If “We Teach Who We Are,” Then Who Am I?

If “We Teach Who We Are,” Then Who Am I?

Image by Gordon Johnson via Pixabay

By The Educator Collaborative 2023-2025 Associate Member Janet N. Y. Zarchen

As an educational consultant and instructional coach, I’ve observed many reading and writing lessons. I’ve witnessed effective and ineffective lessons, engaging and boring lessons, as well as scripted lessons and lessons that build on the strengths and needs of students. In addition, I’ve spoken to many teachers about their teaching practices. There are teachers who are enthusiastic about teaching reading and writing, teachers who feel that it’s enough to follow the teacher’s manual, and teachers who are eager to try new strategies and share new books with students. In all of these conversations, the one that’s stayed with me for over fifteen years came from a teacher who said she didn’t really like to read and didn’t choose to read except when necessary. This teacher, a newly certified reading teacher, did not demonstrate any awareness that some of us in the room might find her comment troubling–perhaps even appalling. 
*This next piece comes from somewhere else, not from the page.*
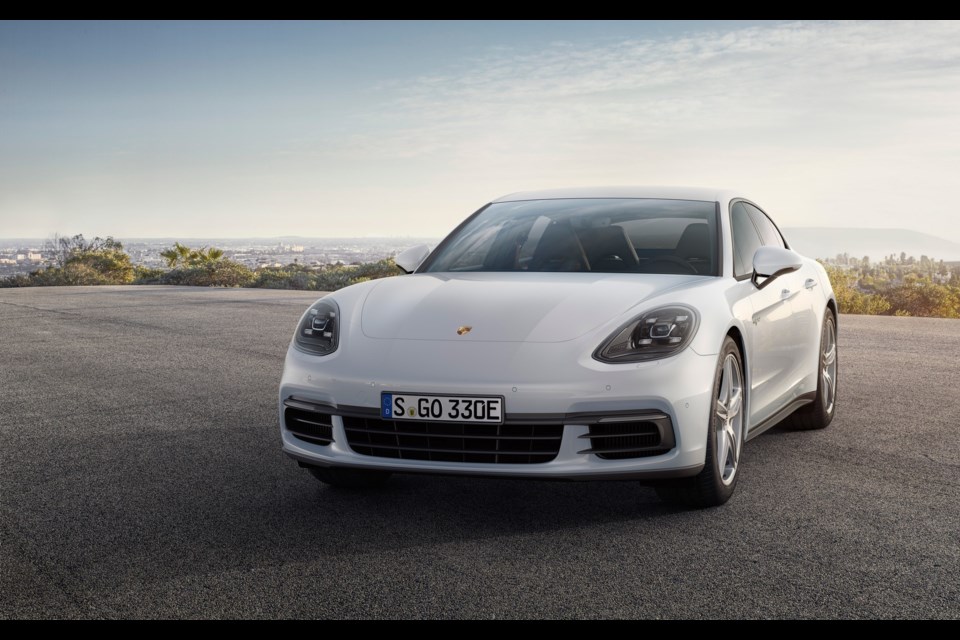 2018 Porsche Panamera 4 E-Hybrid Credit Porsche AG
Ever since that conversation, I’ve wondered how a teacher’s personal literacy practices and beliefs influence their professional practice.  Can a literacy teacher be effective when they don’t value or enjoy what they are teaching? Why might they choose to teach literacy (and become certified to teach reading) if they didn’t like to read and write? Can “professional learning” nudge these teachers to become engaged readers and writers? If so, what type of professional learning might be needed?
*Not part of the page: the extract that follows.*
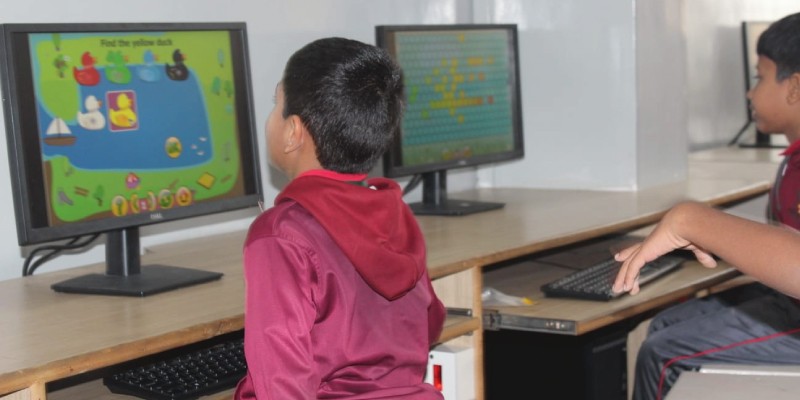 Computer Lab 4 - Daffodils English School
As these questions and others ping-ponged inside my brain, another thought rose alongside them: We teach who we are.  I’m not sure when or where I first heard this phrase, but it is often attributed to writer, speaker, and advocate Parker J. Palmer

The more I thought about this phrase, the more I wondered, Who is this teacher who doesn’t like to read? Who am I as a teacher who does? How did we become who we are? Are there patterns that emerge when people describe their identities as readers and writers? How can we discover who we are as readers and writers? 

Taking inspiration from the racial autobiography I wrote through Courageous Conversation® training, I created a literacy autobiography survey with the intention of answering some of these questions. 
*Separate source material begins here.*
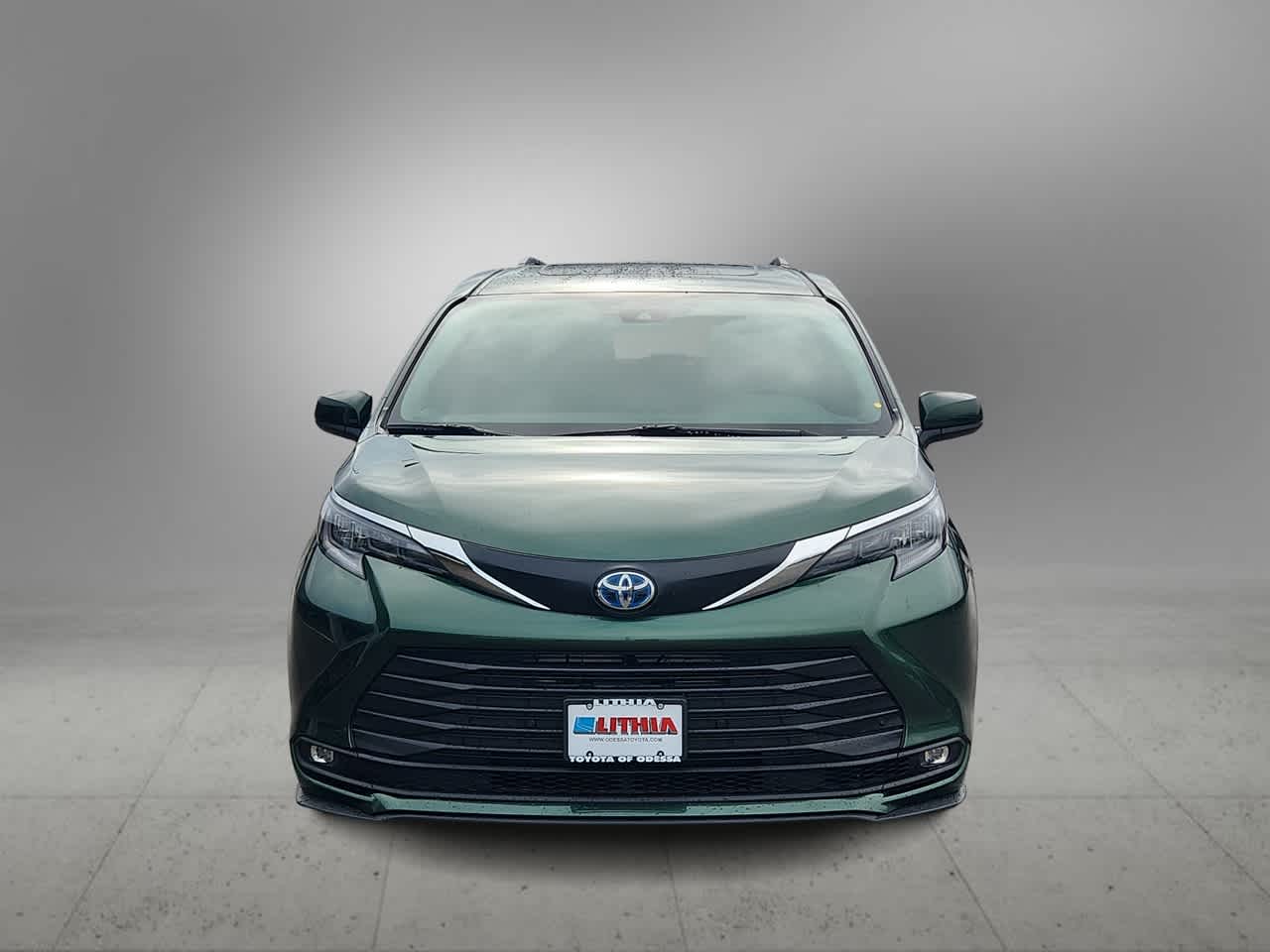 Thumbnail: 2025 Toyota Sienna - 3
Though the survey questions have varied at times, these are the standard questions I ask:

  • What are your earliest memories of reading and writing?
  • What are some recent memories of reading and writing?
  • What experiences connect your earliest memories with more recent memories?
  • Who are you as a reader and writer?

Through this ongoing, informal project, I am hoping to find ways to help educators discover who they are, how their identities can support student learning, and what type of professional learning would be helpful.  I’m hoping that we can use student literacy autobiographies as well as teacher autobiographies to more fully engage our students and help them become confident and empowered readers and writers. In The Heart of a Teacher: Identity and Integrity in TeachingPalmer writes,

[G]ood teaching cannot be reduced to technique; good teaching comes from the identity and integrity of the teacher. In every class I teach, my ability to connect with my students, and to connect them with the subject, depends less on the methods I use than on the degree to which I know and trust my selfhood–and am willing to make it available and vulnerable in the service of learning.

If we do, in fact, teach who we are, then we need to know who we are.